Nalewanie wina jest sztuką. I wcale nie mówimy tu sommelierskich trikach, ale o najprostszym przelaniu go z butelki do kieliszka. Niestety, zawartość "szkła" ma to do siebie, że często ląduje tam, gdzie nie powinna. I wcale nie jest to wasza wina!
Winowajcą jest oczywiście sama butelka. Po jej przechyleniu wino oczywiście trafi tam, gdzie trzeba, ale przy okazji pocieknie po szyjce plamiąc wszystko dookoła. Problem ten zauważyli naukowcy z Brandeis University. Stojący na ich czele biofizyk Daniel Perlman zaproponował stworzenie "niekapiącej" butelki.
- Nie chciałem generować żadnych kosztów ani konieczności posiadania specjalnych akcesoriów - mówi badacz i miłośnik wina o swoim projekcie.

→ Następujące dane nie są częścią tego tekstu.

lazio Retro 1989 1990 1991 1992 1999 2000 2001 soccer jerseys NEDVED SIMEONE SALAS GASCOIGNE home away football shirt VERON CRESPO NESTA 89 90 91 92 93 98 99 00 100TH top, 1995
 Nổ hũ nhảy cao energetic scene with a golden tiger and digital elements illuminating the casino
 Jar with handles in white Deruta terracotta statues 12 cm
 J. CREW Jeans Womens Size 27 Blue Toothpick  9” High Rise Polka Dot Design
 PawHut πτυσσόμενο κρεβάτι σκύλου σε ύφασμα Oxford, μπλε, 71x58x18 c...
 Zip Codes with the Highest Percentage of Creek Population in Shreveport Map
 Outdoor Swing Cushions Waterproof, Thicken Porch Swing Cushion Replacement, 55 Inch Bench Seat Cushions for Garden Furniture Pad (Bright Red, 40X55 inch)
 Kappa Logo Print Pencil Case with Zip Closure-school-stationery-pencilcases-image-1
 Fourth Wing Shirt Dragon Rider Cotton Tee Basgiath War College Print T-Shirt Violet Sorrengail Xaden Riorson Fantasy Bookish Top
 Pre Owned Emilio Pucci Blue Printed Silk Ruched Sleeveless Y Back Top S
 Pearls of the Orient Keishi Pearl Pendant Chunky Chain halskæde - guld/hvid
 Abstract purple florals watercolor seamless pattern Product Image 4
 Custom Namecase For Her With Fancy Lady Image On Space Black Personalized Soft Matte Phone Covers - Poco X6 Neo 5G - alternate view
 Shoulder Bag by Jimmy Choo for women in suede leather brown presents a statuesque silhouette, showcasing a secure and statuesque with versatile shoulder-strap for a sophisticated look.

W tym celu wraz zespołem oglądał filmy, na których widoczne było nalewanie napoju gronowego do kieliszków w zwolnionym tempie.
Ich analiza pozwoliła mu zauważyć, że największym "zagrożeniem" jest rozlanie zaraz po odkorkowaniu, kiedy to wina w butelce jest najwięcej. Wtedy też ma ono tendencje do spływania po hydrofilowym (nie odpychającym cząsteczek wody) szkle.
Rozwiązaniem problemu okazał się dodatkowy szklany pierścień na brzegu butelki nie pozwalający znajdującej się wewnątrz cieczy na przedostanie się na zewnętrzną stronę. Po długich godzinach testów okazało się, że rzeczony pierścień powinien mieć 2 milimetry szerokości, aby właściwie spełniać swoje zadanie.
Najprostsze, czyli najlepsze? Tak było w tym przypadku. Perlman ma nadzieję, że jego nowy wynalazek znajdzie uznanie w oczach producentów butelek. Podobno już rozpoczął on negocjacje w tej sprawie.